Следуя правде жизни, писатель вместе с тем показывает, что и либеральными полумерами невозможно облегчить народное бремя. С большой художественной убедительностью утверждается эта мысль сюжетом "Хроники", образами ее героев - народного заступника Дмитрия Кряжева, смуринской доброй барыни Лизаветы Петровны Водяниной, учителя Владимира Дмитриевича Верхозова.
Главным героем романа является Дмитрий Кряжев, мужицкий ходатай против жадных кулаков Закручья. В отличие от стихийного бунтаря Аггея, Дмитрий Кряжев пытается осуществить народническую программу "спасения" крестьян. По его инициативе смуринцы открывают ссудо-сберегательную кассу, общественную лавку, создают кузнечную артель.

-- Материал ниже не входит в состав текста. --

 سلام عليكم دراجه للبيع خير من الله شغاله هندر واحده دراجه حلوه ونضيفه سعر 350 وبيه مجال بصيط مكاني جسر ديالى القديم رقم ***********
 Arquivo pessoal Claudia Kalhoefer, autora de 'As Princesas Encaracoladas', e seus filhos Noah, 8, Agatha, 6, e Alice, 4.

Кулаки Закручья становятся вкладчиками ссудо-сберегательной кассы, берут в ней деньги для коммерческих предприятий, бедняков же касса не в состоянии вывести из нужды. Общественная лавка не выдерживает конкуренции с богатыми магазинами кулаков Закручья. А кузнечную артель прибирает к рукам кулак Лисин, настоящий волк в овечьей шкуре "либерального" деятеля.
Как установила О. В. Шеляпина на основании обнаруженного ею в центральном государственном архиве Октябрьской революции СССР "Дела 3-го отделения собственной его императорского величества канцелярии о крестьянине Псковской губернии Якове Бурунове, начатого 6 ноября 1871 года и законченного 8 марта 1872 года", Яков Бурунов явился прототипом главного героя романа "Хроника села Смурина" - Дмитрия Кряжева. Крестьянин из деревни Избоево Холмского уезда Псковской губернии Яков Бурунов обвинялся в "подстрекательстве крестьян к неповиновению местным властям, в распространении ложных слухов о неплатеже податей и оскорблении волостного старшины словами". И хотя суд присяжных оправдал Бурунова, псковский губернатор, считая его "вредным для общественного спокойствия" человеком, приказал вновь арестовать его и, с согласия самого царя, выслал крестьянина на бессрочное жительство в г. Кемь Архангельской губернии под строгий полицейский надзор. Личность Якова Бурунова заинтересовала Засодимского настолько, что писатель воссоздал всю связанную с ним судебную историю и некоторые черты облика этого "ходатая" по крестьянским делам в своем романе. Кряжева, как и Бурунова, обвиняют в "распространении ложных толков и в возбуждении крестьян к неповиновению", подвергают аресту, тюремному заключению, а затем - суду, который выносит ему оправдательный приговор.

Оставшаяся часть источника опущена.